Rede von
Werner
Jacobi
- Parteizugehörigkeit zum Zeitpunkt der Rede:
(SPD)
- Letzte offizielle eingetragene Parteizugehörigkeit: (SPD)
Meine sehr verehrten Damen und Herren! Wenn wir uns mit unserer Interpellation darüber beklagt haben, daß die Bundesregierung bei der Ausfertigung und Verkündung von Gesetzen manchmal sehr langsam vorangeht und zögernd handelt, dann müssen wir jetzt anerkennen, daß die Bundesregierung auf unsere Interpellation sehr schnell geantwortet hat. Aber die Antwort ist keinesfalls befriedigend und zeugt zum Teil davon, daß der Herr Bundesminister der Justiz unser Anliegen mißverstanden hat.
Ich darf auf einen Punkt hinweisen, Herr Minister.
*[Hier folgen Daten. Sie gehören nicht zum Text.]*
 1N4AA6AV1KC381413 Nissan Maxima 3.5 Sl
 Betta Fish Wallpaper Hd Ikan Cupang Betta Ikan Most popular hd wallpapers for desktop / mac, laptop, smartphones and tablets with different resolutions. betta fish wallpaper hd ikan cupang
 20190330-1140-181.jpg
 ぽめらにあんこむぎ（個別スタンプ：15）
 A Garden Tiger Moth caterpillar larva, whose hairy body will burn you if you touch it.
Ich habe in Verbindung mit meinen begründenden Ausführungen ausdrücklich darauf hingewiesen, daß der Herr Bundespräsident Hüter der Verfassung ist.
Ich brauche Ihnen nicht darzutun, was das bedeutet. Daß damit mehr verbunden ist als das formale Recht und die formale Pflicht der Verkündung von Gesetzen, bedarf keiner besonderen Betonung. Aber es ist auf der anderen Seite sehr verwunderlich gewesen, aus Ihrem Munde, Herr Justizminister, zu hören, daß Sie das Kabinett für befugt halten, noch nach der Verabschiedung eines Gesetzes in Verbindung mit der Frage, ob das Gesetz auszufertigen und zu verkünden ist, auch noch materielle Fragen zu prüfen, wie sie durch das Gesetz geregelt sind, und daß Sie die Antwort darauf, ob ein Gesetz ausgefertigt oder verkündet werden soll, von dem Ergebnis Ihrer Nachprüfungen abhängig machen zu können behaupten. Das ist völlig neu, das hat es früher nicht gegeben und das kann es auch heute während der Geltung des Grundgesetzes nicht geben.
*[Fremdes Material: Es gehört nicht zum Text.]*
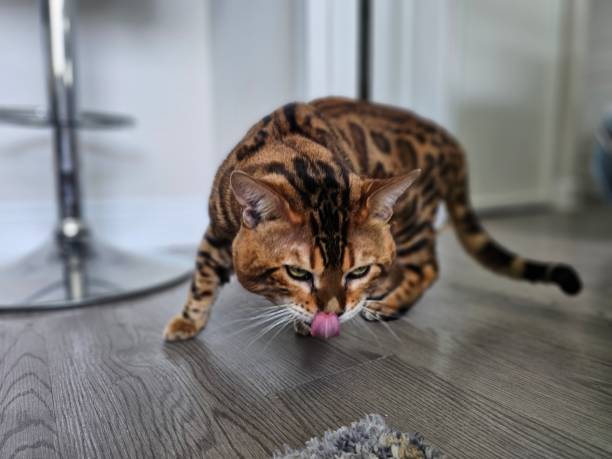 istock Catnip Adventures with a yarn ball 2153261941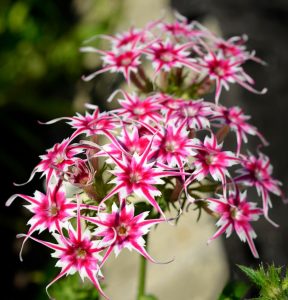 Флокс Метельчатый Путь купить по цене от 456р. в интернет-магазине «Посадика» с доставкой почтой в в Салехарде и по всей России – [изображение №1].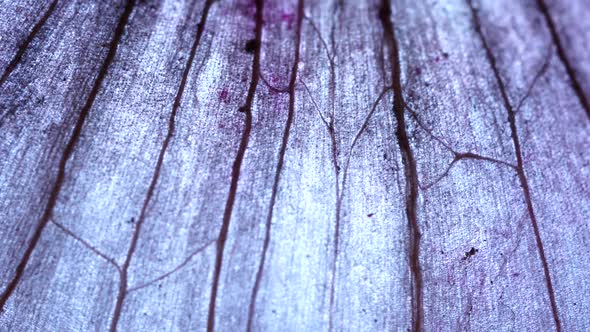 Tissue Microscopic Test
Beispielsweise wurde das Gesetz über den Sitz der Bundesanstalt für Arbeitsvermittlung und Arbeitslosenversicherung erwähnt. Dieses Gesetz ist als ein isoliertes, in sich abgeschlossenes und aus sich heraus wirkendes Gesetz verabschiedet worden, für dessen Ausfertigung und Verkündung es völlig gleichgültig ist, in welcher Form die Bundesanstalt eingerichtet wird. Wir können der Regierung nicht das Recht zugestehen, hier in dem von Ihnen angedeuteten Sinne eine Entscheidung zu treffen, die auf eine Verzögerung und sogar — ich muß den Ausdruck noch einmal gebrauchen — eine Manipulierung dieser Entscheidung hinausläuft.
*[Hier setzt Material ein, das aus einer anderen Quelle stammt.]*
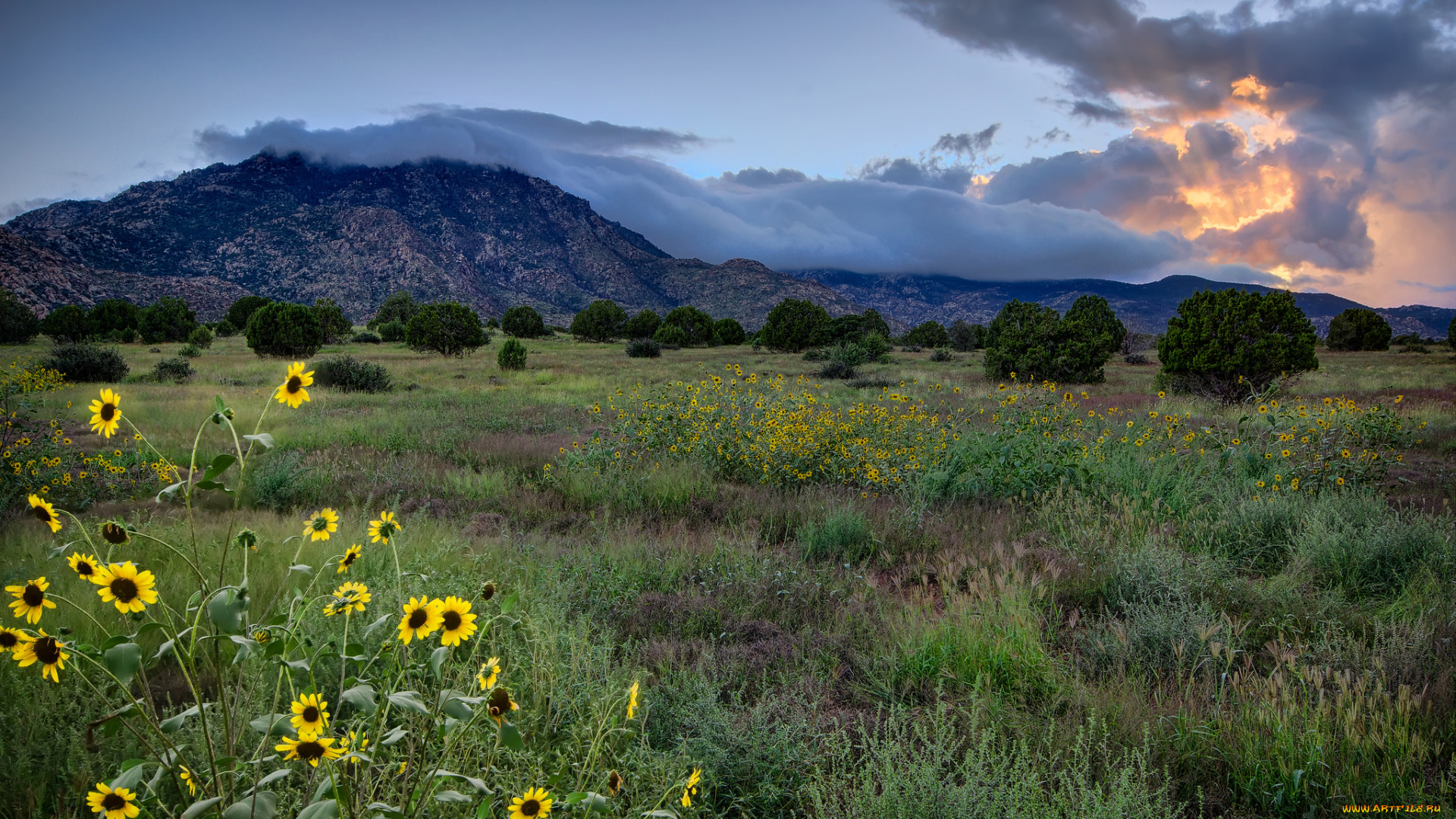 природа, луга, горы, цветы, закат, облака, небо, пейзаж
Im übrigen sind wir auch darüber verwundert, daß Sie, Herr Justizminister, glauben zu dem Gesetz über die vermögensrechtlichen Verhältnisse der Bundespost einen Standpunkt einnehmen zu können, den wir für unmöglich, ja für unzulässig halten. Abgesehen davon, daß in dem Brief, den wir von dem Herrn Bundespostminister erhalten haben, von einem Veto gar keine Rede war — wir mögen da nicht vollständig unterrichtet worden sein —, ist es außerordentlich verwunderlich, daß, wenn ein solches Veto ausgesprochen worden ist, die Bundesregierung es nicht für notwendig gehalten hat, dem Bundestag durch den Herrn Bundestagspräsidenten von diesem Veto Mitteilung zu machen.
Das ist eine Methode, die in mancherlei Hinsicht bedenklich ist, und wir möchten nicht, daß sie Schule macht.
Im übrigen, meine sehr verehrten Damen und Herren, glauben Sie uns: Wir haben unsere Interpellation nicht aus Freude an Kritik und deshalb eingebracht, weil wir uns als Opposition in dieser oder jener Frage wieder einmal in einen Raufhandel mit der Regierung einlassen möchten. Wir haben die Interpellation eingebracht aus der Sorge über die Handhabung des Grundgesetzes, wie wir sie in diesen Fällen bei der Bundesregierung festgestellt haben und wie wir sie für unmöglich und ganz allgemein für eine Gefahr für die parlamentarische Demokratie halten.
Ich darf abschließend erklären, daß die Mitteilungen des Herrn Bundesjustizministers uns als Antwort auf unsere Interpellation nicht befriedigen und daß wir vor allem hinsichtlich der von uns im einzelnen aufgezählten Punkte der Interpellation eine Ergänzung erwarten.